─── DATASET ENTRIES ───

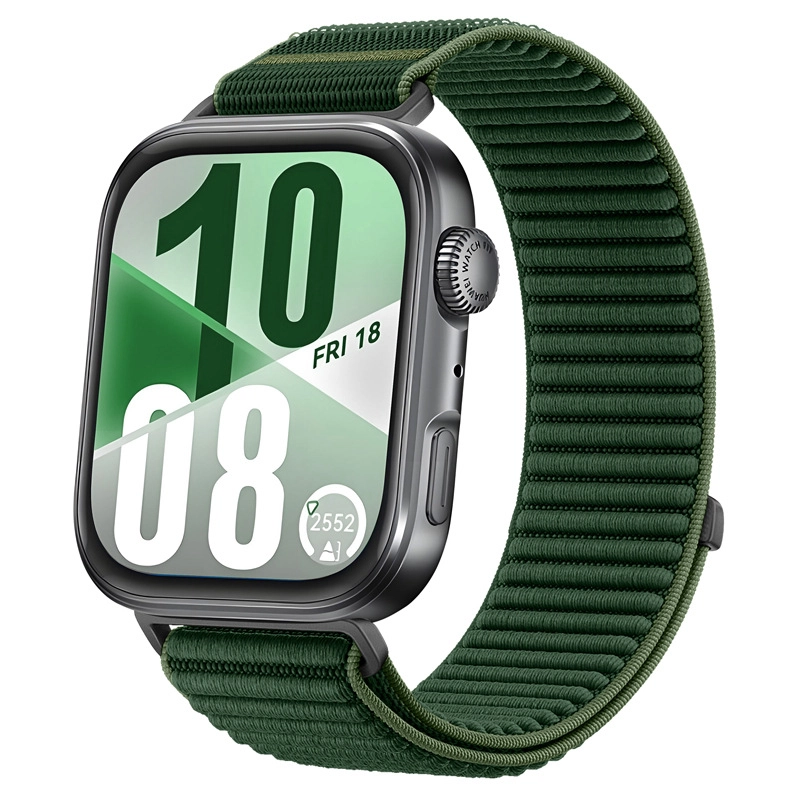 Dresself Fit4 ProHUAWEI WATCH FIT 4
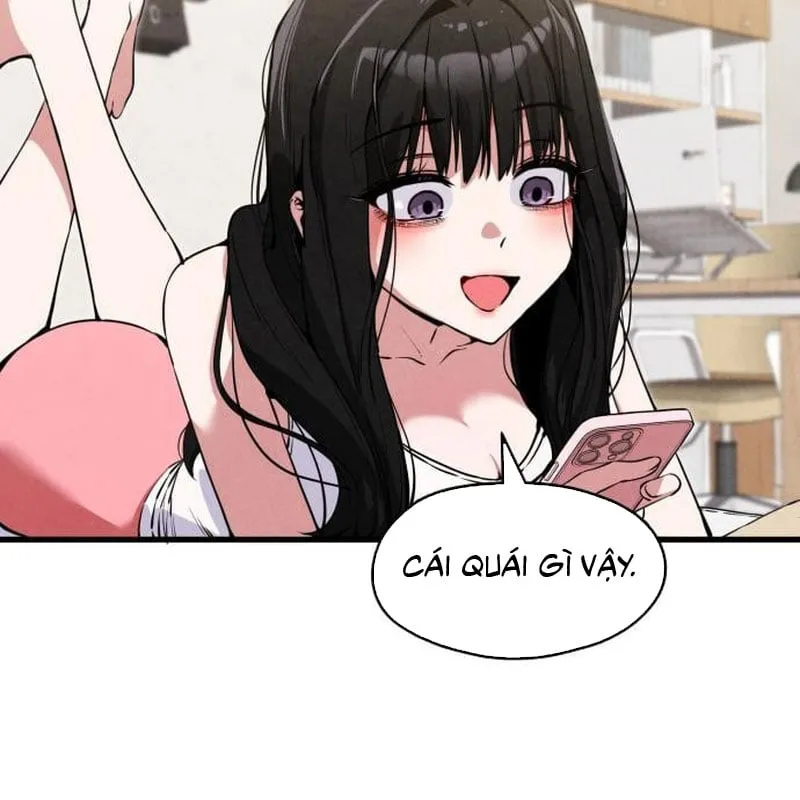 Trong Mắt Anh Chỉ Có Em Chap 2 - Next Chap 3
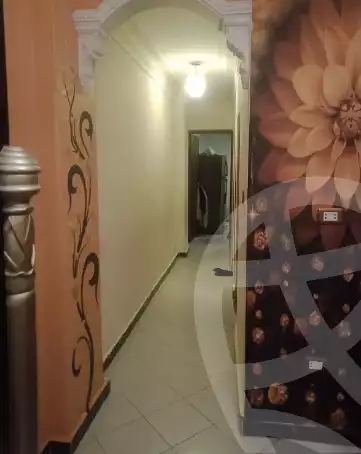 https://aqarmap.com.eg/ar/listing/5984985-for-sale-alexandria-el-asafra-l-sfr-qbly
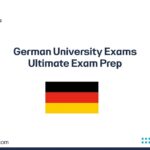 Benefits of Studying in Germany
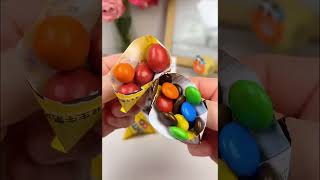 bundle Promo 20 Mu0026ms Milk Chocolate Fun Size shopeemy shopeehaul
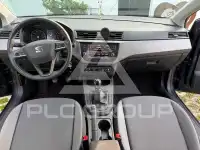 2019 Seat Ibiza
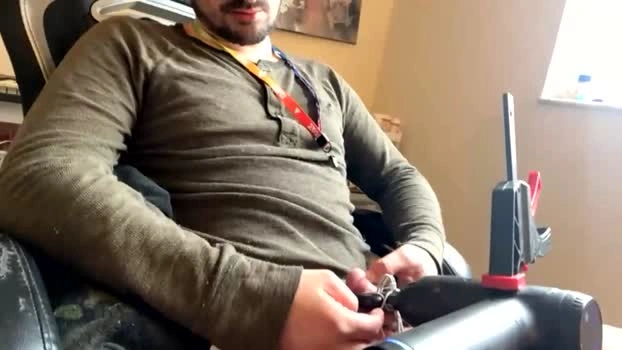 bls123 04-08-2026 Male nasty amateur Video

───

Each entry must be reproduced word for word, and any image among them left out.

SOLUTION
 Dresself Fit4 ProHUAWEI WATCH FIT 4
 Trong Mắt Anh Chỉ Có Em Chap 2 - Next Chap 3
 https://aqarmap.com.eg/ar/listing/5984985-for-sale-alexandria-el-asafra-l-sfr-qbly
 Benefits of Studying in Germany
 bundle Promo 20 Mu0026ms Milk Chocolate Fun Size shopeemy shopeehaul
 2019 Seat Ibiza
 bls123 04-08-2026 Male nasty amateur Video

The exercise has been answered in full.